Relationships between regulatory mechanism and mode of inheritance. a For each combination of inheritance (rows) and cis/trans regulatory (columns) categories, the color shows the magnitude of gene enrichment (blue) and depletion (red) based on residuals of Pearson’s Chi-square test of independence. Blue indicates a positive residual when more genes were observed than expected under the null model of independence, and red indicates fewer genes than expected. Statistical significance was derived from Fisher’s exact test, as indicated by *P < 0.05, **P < 0.01, ***P < 0.001. b Within the category of dominance, percentages of Maxxa-dominant genes are shown for each regulatory category on the x-axis. c Within the category of transgression, the percentage of over-expressed genes are shown for each regulatory category on the x-axis. Source data are provided as a Source Data file.

Fig. 4

Regulatory evolution and homoeolog expression. a The extent of homoeolog expression bias (1st and 2nd columns) and expression changes under domestication (ratios, At/Dt, and total expression, At + Dt; 3rd and 4th columns, respectively) were measured for 22,394 homoeologous gene pairs. b Contingency tables between cis and trans regulatory divergence and homoeolog bias. A pair of homoeologous genes was considered to exhibit regulatory divergence (RD) if at least one homoeolog was found to be a RD gene (1st row). Homoeolog expression bias was characterized each within TX2094 and Maxxa (columns). Cells displaying significant over-representation (Fisher’s exact test; P < 0.05) are highlighted. c Cross-tabulation of regulatory evolution for 952 RD homoeolog pairs, indicating predominance of cis and trans effects. Cell color indicates the magnitude of significant over-representation based on −log₁₀(P-value) of Fisher’s exact test (i.e., P = 0.05 is converted to 1.3). d Boxplot of homoeolog expression ratio changes under domestication for RD homoeolog pairs. Black triangles indicate significant deviation from zero (Student’s t-test; P < 0.05), and the asterisk (*) denotes a significantly different ratio between At and Dt homoeologs. Boxplot elements: center line–median; box limits–upper (Q3) and lower (Q1) quartiles; whiskers–smallest and largest non-outlier; points–outliers.

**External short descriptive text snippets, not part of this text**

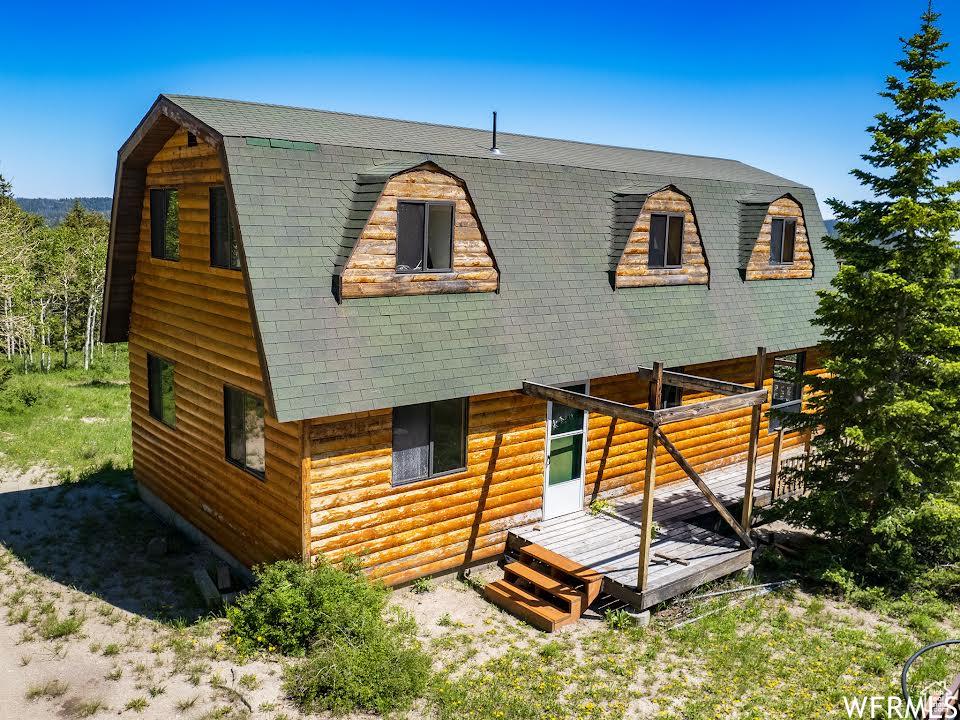 Log-style house featuring a wooden deck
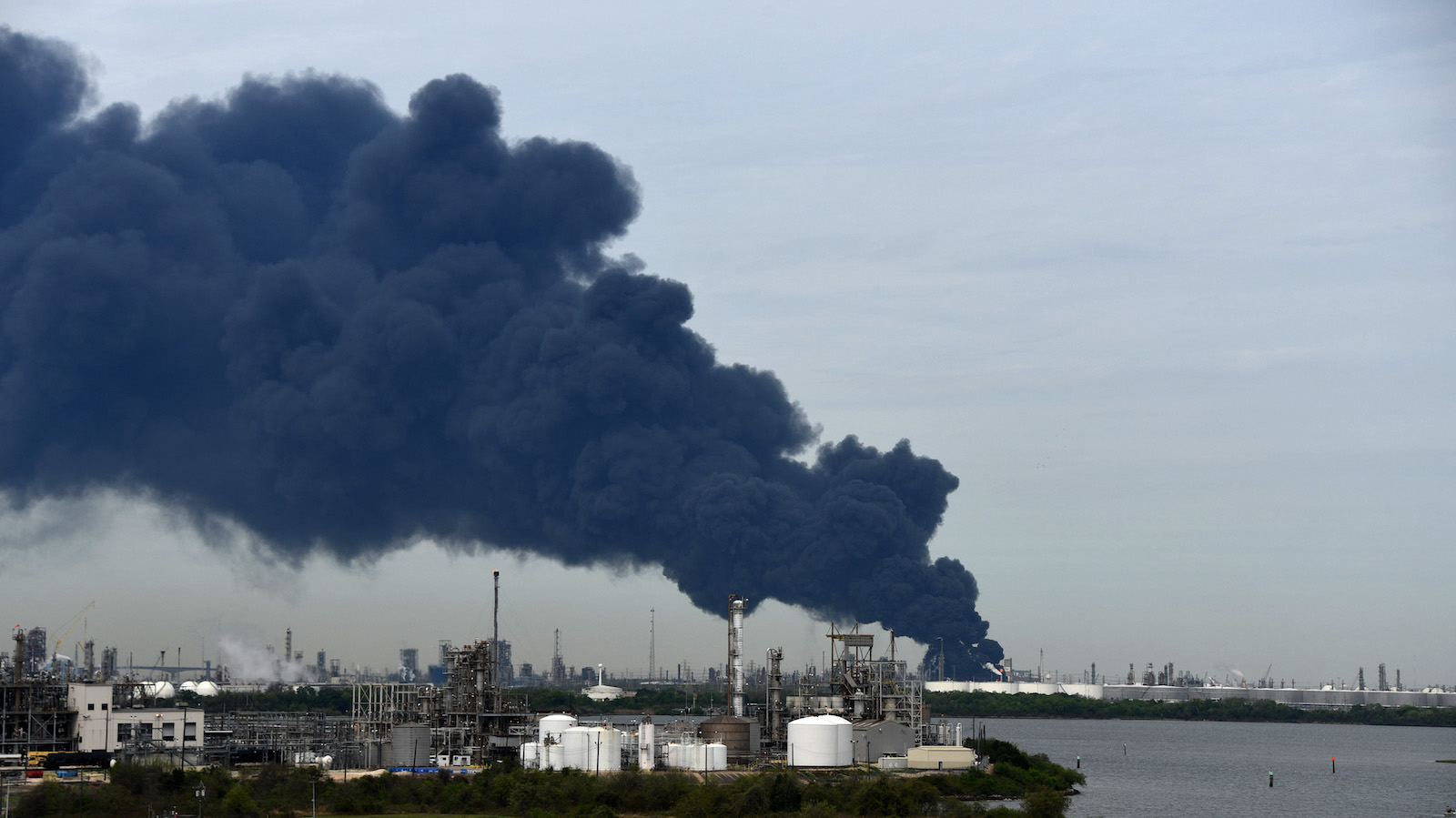 Black smoke billows across the sky as a chemical storage site burns in a fire.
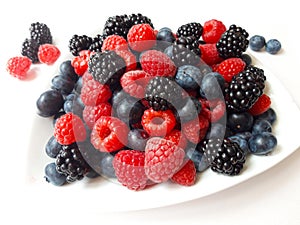 Fresh organic berry fruits isolated on white background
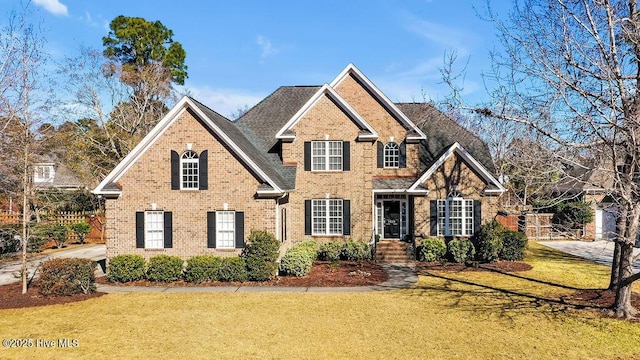 view of property featuring a front lawn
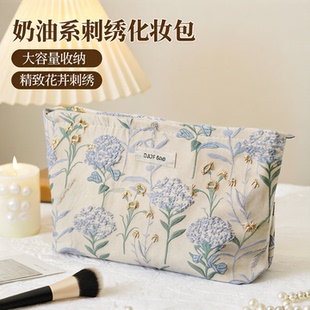 ins奶油刺绣花朵高级感化妆包大容量水乳收纳袋女旅行便携手拿包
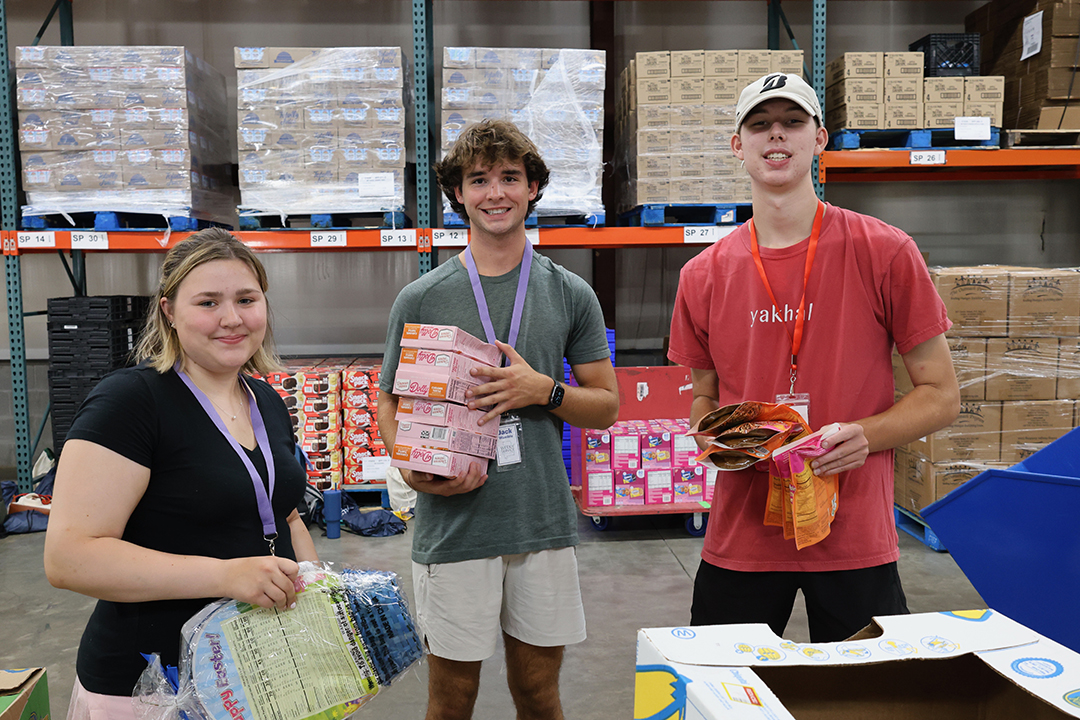 three students at the food bank holding items of food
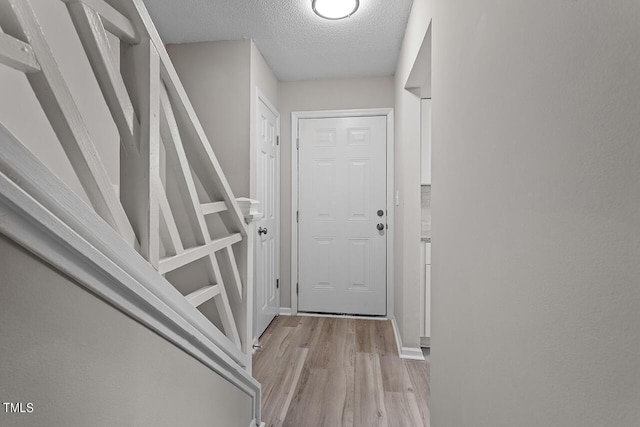 doorway with light wood-style floors and a textured ceiling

The source data underlying Fig. 4d are provided as a Source Data file.

Fig. 5

Predicted GRNs of TX2094 and Maxxa fibers. a Number of candidate genes within the fiber QTL confidence intervals, from a curated list of cell wall-related genes, and those annotated as TFs. For the total of 53 TFs that belong to the list of 1655 regulatory divergent (RD) genes (see annotation in Supplementary Data 2), a GRN was each inferred for TX2094 (b) and Maxxa (c) by Genie3 and visualized using Cytoscape. Edge direction represents the regulatory interaction from TF to target TG genes. Node shape represents the categorization of RD patterns. Node size is proportional to number of target genes (i.e., out-degree). Nodes color represents the membership of consensus co-expression gene modules inferred by WGCNA (see Methods and Supplementary Data 2). TFs marked by asterisk (node 3, 32, and 50) and and (48) were found within the confidence intervals of fiber QTLs and related to cell wall synthesis, respectively. The source data underlying Figs. 5b, c are provided as a Source Data file.